I got the job by a referral of an acquaintance from a local software
Meetup.com group that I attend regularly. When I got frustrated with my last
job, I approached the leaders of the Meetup group (who I sort of knew as
acquaintances by that point) and said "Hey guys, I'm sort of looking around
now. Let me know if you hear anything." A few weeks later, one of those guys
made an email introduction to me of another guy who works at the company I'm
currently at. He brought me in for an interview... at first, I was just kind
of going to the interview as a courtesy - I was pretty sure I didn't want to
work here - but when I met the guys and the boss I would be working with, I
was sold pretty quickly.
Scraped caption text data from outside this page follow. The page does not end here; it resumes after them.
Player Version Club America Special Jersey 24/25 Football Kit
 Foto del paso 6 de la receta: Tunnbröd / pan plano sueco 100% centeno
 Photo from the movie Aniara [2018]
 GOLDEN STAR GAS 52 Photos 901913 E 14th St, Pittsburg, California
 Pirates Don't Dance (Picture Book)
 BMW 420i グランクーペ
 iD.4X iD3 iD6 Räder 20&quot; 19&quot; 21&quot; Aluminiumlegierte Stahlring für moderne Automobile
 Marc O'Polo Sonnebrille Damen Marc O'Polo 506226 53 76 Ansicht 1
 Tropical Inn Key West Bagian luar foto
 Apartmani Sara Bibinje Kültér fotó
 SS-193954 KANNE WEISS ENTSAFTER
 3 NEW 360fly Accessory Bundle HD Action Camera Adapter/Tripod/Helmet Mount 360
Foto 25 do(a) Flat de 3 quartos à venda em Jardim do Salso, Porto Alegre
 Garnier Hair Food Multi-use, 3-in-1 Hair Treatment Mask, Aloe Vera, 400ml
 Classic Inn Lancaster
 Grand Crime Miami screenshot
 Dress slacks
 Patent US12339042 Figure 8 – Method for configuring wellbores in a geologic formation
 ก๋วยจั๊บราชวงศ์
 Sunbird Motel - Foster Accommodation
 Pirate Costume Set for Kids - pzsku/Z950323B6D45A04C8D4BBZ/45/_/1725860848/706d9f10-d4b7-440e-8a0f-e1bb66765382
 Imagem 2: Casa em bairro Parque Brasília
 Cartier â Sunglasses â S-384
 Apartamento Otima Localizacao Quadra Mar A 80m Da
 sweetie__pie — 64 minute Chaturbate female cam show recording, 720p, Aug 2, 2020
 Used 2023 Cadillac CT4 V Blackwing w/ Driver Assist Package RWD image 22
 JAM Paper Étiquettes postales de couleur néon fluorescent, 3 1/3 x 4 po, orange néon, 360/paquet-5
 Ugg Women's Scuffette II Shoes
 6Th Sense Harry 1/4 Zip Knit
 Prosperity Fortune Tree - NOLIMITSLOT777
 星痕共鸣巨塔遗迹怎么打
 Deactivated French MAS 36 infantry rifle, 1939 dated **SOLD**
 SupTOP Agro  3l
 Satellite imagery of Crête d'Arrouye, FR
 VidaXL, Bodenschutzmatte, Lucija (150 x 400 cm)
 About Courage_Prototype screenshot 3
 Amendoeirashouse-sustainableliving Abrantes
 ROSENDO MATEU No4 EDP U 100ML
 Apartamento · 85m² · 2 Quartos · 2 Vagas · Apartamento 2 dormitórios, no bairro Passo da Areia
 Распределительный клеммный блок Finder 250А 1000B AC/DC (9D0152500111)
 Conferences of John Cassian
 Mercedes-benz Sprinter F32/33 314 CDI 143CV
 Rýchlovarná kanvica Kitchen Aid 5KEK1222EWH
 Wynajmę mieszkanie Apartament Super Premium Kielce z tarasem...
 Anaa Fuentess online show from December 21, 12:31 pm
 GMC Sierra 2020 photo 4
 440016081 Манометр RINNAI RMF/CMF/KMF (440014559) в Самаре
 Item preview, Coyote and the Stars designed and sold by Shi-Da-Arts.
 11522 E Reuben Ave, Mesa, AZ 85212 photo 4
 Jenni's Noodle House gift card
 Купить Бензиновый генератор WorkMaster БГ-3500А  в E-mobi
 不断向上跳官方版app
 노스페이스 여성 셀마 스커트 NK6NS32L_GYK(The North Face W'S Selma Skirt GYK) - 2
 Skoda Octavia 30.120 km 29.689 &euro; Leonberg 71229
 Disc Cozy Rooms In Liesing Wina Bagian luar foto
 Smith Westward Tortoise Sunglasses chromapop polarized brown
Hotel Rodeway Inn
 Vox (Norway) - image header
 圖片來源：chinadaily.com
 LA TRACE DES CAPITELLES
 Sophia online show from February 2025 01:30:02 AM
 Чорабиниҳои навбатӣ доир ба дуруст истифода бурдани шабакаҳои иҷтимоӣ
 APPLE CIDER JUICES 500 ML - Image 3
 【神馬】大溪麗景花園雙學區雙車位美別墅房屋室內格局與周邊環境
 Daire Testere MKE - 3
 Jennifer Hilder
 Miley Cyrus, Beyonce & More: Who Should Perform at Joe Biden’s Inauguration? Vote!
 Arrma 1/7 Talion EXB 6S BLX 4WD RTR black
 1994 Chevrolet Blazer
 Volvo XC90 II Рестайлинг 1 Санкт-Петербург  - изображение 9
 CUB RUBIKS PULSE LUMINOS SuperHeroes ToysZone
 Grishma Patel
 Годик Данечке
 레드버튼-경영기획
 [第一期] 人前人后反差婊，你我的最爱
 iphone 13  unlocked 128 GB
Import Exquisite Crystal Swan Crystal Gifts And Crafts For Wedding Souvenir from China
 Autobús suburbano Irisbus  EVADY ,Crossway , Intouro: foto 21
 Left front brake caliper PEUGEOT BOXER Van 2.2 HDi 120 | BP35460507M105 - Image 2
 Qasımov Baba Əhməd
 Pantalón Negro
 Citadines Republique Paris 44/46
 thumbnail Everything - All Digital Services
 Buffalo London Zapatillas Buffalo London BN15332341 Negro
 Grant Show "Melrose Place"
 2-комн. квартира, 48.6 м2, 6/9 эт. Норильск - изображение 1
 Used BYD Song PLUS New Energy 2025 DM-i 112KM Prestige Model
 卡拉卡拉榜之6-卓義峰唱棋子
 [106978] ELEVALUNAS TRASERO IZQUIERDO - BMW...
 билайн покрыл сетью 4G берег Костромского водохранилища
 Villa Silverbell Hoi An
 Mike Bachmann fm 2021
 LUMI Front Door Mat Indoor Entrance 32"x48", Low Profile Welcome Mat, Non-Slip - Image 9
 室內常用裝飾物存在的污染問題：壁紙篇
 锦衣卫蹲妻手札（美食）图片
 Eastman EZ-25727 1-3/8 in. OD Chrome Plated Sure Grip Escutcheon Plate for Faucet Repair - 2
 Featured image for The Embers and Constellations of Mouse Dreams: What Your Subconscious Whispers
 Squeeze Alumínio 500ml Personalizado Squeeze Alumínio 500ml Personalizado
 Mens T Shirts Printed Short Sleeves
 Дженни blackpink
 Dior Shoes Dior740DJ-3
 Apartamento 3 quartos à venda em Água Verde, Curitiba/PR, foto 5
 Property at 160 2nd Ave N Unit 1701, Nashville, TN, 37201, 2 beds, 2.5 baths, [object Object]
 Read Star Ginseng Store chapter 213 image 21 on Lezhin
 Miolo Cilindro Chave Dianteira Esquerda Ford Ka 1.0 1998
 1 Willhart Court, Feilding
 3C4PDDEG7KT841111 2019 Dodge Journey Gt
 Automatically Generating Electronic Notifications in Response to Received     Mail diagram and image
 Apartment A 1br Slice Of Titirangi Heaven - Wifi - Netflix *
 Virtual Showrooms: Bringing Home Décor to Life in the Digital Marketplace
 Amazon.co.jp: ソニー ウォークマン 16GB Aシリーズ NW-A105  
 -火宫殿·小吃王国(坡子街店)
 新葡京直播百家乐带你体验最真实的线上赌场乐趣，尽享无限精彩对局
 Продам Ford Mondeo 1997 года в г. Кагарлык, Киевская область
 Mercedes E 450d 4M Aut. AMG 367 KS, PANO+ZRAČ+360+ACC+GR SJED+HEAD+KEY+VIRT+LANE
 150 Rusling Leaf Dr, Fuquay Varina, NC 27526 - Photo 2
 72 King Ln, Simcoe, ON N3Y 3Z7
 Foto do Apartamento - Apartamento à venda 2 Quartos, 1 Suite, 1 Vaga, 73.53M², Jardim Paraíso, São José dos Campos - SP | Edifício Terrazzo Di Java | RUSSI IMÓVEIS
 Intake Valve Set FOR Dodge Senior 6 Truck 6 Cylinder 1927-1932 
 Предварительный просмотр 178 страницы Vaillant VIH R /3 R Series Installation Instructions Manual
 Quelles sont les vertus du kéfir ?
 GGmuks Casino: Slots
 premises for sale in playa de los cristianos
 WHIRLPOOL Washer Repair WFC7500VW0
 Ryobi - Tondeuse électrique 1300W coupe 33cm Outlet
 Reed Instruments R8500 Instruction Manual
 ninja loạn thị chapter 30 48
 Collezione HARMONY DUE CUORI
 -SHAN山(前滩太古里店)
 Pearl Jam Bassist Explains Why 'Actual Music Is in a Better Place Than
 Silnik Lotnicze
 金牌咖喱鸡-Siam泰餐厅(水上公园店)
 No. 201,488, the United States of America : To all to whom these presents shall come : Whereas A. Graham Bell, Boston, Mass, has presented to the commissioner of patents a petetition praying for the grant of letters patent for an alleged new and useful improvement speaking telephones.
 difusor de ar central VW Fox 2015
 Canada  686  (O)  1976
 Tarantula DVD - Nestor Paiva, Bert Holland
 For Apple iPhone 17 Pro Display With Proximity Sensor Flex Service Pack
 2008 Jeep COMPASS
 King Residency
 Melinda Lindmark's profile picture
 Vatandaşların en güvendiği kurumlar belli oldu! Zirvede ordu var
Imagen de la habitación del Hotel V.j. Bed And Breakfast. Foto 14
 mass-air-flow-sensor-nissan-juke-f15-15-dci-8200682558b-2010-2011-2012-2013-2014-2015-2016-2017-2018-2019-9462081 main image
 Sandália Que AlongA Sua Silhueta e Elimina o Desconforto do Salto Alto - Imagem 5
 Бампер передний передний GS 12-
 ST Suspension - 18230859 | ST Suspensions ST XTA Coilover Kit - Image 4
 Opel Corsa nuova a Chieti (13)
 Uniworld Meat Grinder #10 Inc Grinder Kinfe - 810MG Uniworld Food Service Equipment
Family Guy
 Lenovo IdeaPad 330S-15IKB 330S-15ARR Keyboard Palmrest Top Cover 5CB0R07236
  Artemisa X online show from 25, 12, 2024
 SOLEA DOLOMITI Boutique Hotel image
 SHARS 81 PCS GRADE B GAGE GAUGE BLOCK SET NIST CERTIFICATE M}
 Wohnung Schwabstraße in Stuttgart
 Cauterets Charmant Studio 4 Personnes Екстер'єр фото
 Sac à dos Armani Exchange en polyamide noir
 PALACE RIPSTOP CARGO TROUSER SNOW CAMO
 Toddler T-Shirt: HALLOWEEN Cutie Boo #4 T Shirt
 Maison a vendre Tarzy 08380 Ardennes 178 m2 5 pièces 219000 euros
They seemed like really fun, intelligent guys when we
met and they are. If there was a point in the interview that sold it to me, it
was probably the point where I asked them if we should start the whiteboard
coding portion of the interview and they waived it off, saying "That's just
for people who we think are bullshitting us. We can tell you know what you're
talking about and what you're doing."

I just got back from the beach for a week, and while it was nice to be away
for a little bit, I was genuinely excited to get back in the office on Monday.
I don't remember ever feeling that way at any other job I've had, so I guess I
have to say this is my "Dream Job". That doesn't mean I want to do it forever
- I'm a firm believer that even the "Dreamiest" job doesn't beat working for
yourself, but I have to say I really enjoy it. Unless someone offered me
something on the order of 2-3x what I make here, I wouldn't consider leaving
(and I make a pretty decent amount for my region/experience).

What makes it that way?

1\. Boss. Best/most competent guy I've ever worked for. He somehow has the
"magic touch" of keeping the team focused on things we can deliver, calling
bullshit on all the paper-pushers and meeting-mongrels that try to sap our
time ("No one on my team has a company phone. No one in this company has the
right to innterupt my devs while they're working."), and rolling up his
sleeves and coding when we have to stay super-late to get something done (only
happened once). He also judges on "body of work" more than individual
incidents ("You went out at 2PM and get drunk with your co-workers yesterday?
No problem, you usually get your shit done in good order and on time. You
showboated about staying until 1AM last night? Bullshit - on a regular basis,
you don't get shit done. Try harder.")

2\. Open-ness of the team. "You have been messing around with a new
library/framework at home for the last couple of weeks and you really like it?
Come in and show it to the rest of the team for a couple hours tomorrow. Team
discusses it, weighs benefits/drawback/long-term-maintainability...it's in
production a week later." "You met an awesome guy at a meetup last week? Bring
him in here and interview him. Two weeks later, he's hired."

3\. "Goldilocks" company atmosphere. Not "douchy-SV-startup concrete walls and
beanbag-chairs", but not "corporate cubicle farm" either. It's a great mix of
people from different parts of the world, different age ranges / genders /
etc. We have free sodas/coffee, but not free beer. People leave at 6. There is
usually a happy hour every couple of weeks where we get together at a crappy
bar and have a great time, but no one's social circle consists entirely of
coworkers. If you're married/kids people tell you what happened at the happy
hour the next day so no one feels like they're "left out".